Olivia Colman gives a powerhouse turn in The Lost Daughter, prickly and combustible as Leda Caruso, a middle-aged languages professor on a working holiday in Greece. In flight from her past, possibly from herself, she stares at the sea as though it’s done her a great wrong and eats alone at the bar, repelling anyone who draws close. She haunts the resort like a ghost while other ghosts are haunting her. In an excellent directing debut, Maggie Gyllenhaal turns Elena Ferrante’s 2008 source novel into humid, sensual cinema. This is Colman’s stage and her tragedy; you can’t take your eyes off her for a second.
Leda can’t seem to relax into her tranquil island break: she’s disturbed by the unruly, faintly criminal family from Queens that rents the enormous pink villa just up the coastline. Nina (Dakota Johnson), the brood’s volatile young mother, mislays her infant daughter on the beach. The daughter, in turn, has mislaid her favourite doll. Leda immediately collects them both: she returns the child right away but, prompted by some repressed maternal memory, keeps the doll for herself.

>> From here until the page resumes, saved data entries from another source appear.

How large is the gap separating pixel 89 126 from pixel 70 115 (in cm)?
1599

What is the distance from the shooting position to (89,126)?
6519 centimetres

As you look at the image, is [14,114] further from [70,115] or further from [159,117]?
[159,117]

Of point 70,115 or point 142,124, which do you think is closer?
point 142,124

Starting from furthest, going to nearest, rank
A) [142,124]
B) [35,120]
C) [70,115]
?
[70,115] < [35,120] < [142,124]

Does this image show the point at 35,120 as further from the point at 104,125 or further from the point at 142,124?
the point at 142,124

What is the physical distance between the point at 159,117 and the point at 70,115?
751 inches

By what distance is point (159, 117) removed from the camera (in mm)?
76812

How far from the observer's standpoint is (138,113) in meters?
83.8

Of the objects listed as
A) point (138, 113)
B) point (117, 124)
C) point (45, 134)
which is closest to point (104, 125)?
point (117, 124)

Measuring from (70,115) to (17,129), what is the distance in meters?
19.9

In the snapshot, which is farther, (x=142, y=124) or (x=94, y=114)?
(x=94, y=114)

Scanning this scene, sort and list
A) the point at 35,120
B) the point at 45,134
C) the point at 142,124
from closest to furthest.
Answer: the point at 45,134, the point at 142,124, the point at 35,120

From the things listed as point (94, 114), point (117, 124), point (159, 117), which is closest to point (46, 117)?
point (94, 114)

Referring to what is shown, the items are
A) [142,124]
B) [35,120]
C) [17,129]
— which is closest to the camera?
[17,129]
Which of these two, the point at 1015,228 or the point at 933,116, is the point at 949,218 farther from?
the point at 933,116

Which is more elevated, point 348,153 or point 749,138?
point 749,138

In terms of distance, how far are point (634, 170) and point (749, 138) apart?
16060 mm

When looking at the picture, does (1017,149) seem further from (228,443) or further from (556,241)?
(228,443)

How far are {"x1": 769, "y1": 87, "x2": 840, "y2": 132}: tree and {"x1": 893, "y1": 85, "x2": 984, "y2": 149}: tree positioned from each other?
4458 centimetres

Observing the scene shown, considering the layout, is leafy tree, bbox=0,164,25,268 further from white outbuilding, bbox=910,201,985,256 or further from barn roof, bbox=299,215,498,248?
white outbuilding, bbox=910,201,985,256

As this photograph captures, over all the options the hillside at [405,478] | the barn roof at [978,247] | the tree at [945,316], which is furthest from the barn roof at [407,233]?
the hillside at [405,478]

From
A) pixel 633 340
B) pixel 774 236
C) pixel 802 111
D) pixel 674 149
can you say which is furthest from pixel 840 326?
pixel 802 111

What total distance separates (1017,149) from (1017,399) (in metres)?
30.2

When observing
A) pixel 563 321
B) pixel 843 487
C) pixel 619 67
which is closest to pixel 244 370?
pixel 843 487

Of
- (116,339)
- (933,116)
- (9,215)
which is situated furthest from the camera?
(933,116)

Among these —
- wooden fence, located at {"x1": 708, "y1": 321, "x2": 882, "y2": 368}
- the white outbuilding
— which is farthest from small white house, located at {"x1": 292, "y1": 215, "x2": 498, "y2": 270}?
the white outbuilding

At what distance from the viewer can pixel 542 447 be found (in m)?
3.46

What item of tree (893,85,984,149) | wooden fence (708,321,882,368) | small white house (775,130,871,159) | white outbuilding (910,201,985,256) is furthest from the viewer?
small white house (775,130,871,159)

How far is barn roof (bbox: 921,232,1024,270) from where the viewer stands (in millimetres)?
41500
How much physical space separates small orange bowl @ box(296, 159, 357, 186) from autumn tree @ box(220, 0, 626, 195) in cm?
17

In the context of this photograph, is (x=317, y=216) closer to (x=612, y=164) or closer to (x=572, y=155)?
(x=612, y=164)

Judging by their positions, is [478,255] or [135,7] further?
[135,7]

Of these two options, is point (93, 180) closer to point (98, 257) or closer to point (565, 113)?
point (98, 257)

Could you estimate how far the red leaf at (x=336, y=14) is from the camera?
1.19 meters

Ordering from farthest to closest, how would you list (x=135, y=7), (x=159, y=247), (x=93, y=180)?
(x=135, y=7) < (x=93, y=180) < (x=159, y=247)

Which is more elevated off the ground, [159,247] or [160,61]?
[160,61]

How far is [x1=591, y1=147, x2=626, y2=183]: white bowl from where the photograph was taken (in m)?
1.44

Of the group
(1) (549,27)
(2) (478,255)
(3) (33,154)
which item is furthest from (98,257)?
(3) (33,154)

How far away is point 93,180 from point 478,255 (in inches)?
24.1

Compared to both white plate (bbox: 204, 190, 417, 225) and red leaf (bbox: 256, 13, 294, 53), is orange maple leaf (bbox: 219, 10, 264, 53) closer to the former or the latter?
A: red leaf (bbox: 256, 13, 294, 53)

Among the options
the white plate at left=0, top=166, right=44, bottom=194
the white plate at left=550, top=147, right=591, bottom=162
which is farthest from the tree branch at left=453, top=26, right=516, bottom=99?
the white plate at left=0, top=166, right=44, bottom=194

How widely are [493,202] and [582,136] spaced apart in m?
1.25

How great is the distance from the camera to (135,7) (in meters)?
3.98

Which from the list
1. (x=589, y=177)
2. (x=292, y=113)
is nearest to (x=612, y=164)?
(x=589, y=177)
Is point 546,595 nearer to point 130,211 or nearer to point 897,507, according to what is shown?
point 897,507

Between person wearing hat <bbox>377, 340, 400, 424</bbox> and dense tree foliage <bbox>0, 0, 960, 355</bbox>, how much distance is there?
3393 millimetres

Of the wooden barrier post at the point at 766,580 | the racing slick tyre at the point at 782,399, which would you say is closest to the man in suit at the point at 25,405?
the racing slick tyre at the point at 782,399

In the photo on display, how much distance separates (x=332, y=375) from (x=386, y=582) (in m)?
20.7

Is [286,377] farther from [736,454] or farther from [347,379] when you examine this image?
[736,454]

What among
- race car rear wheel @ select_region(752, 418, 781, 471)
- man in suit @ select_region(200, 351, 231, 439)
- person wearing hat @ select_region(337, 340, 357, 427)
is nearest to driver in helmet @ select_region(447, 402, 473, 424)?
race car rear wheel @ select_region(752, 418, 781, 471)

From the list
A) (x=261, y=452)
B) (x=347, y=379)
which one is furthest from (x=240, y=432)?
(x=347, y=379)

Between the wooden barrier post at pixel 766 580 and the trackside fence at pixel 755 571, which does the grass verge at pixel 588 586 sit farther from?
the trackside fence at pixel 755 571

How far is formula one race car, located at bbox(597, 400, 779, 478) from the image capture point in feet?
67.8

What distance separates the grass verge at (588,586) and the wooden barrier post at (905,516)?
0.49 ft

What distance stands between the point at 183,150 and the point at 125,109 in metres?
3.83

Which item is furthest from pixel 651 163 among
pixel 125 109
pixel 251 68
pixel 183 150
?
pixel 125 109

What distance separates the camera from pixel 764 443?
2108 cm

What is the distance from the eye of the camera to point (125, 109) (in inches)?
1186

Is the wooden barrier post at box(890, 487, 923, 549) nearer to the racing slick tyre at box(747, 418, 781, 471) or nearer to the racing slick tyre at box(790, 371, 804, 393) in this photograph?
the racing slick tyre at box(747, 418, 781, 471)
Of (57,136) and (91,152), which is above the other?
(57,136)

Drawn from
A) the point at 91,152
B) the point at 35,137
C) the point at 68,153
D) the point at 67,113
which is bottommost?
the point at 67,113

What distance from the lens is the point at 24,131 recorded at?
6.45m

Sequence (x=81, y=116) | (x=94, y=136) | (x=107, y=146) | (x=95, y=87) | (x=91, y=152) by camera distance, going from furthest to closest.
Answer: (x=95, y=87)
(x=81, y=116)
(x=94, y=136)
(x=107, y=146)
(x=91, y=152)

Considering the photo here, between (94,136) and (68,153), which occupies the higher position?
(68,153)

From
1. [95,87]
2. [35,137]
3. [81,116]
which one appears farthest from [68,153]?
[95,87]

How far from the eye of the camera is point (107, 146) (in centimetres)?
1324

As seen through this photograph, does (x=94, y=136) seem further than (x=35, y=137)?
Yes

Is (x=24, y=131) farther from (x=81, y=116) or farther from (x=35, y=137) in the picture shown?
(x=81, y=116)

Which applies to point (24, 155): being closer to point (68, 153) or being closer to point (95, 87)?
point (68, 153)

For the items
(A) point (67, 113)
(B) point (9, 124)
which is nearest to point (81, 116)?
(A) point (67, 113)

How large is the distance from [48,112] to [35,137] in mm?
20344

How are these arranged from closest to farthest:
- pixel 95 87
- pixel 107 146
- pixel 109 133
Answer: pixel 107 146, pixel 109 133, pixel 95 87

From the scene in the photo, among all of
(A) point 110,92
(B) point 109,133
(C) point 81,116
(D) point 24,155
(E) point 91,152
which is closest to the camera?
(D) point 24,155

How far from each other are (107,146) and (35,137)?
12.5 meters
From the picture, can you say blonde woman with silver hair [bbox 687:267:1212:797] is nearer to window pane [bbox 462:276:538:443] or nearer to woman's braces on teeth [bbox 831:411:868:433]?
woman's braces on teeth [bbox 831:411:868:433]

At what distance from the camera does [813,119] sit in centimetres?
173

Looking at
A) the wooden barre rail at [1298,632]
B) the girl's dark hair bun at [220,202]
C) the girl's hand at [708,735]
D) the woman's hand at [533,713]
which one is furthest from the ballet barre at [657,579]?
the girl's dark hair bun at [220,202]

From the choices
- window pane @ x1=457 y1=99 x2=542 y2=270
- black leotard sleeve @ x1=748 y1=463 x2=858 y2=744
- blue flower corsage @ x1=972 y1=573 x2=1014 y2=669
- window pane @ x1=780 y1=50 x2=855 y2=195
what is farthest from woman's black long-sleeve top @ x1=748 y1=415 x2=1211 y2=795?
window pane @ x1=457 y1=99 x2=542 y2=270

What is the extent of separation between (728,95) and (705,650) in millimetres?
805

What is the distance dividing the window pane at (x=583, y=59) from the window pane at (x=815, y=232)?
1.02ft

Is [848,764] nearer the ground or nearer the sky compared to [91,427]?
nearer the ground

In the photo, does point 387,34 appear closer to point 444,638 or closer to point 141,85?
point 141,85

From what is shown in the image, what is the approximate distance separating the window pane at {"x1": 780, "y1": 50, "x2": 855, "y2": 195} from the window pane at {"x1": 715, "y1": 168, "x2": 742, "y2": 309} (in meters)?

Leda will explain that she has two girls of her own; Martha and Bianca, now both in their 20s. But even here one wonders whether the woman is being entirely straight with us. Her social armour keeps coming loose. Her warm professional front is ripped by capricious cold snaps. She’s solicitous one second; downright spiteful the next. In flashbacks we see her (played by Jessie Buckley) struggling to stay afloat, one eye on the kids and the other on the exit door. Work is much better.
The Lost Daughter wrong-footed me and took a different, more nuanced direction; one that is just as rewarding in its way. Gyllenhaal’s delicious drama might seem like a storm in a teacup. But what a cup, and what a storm.
• This article was amended on 7 January 2022. In an earlier version the character of Martha was misnamed as “Marsha”.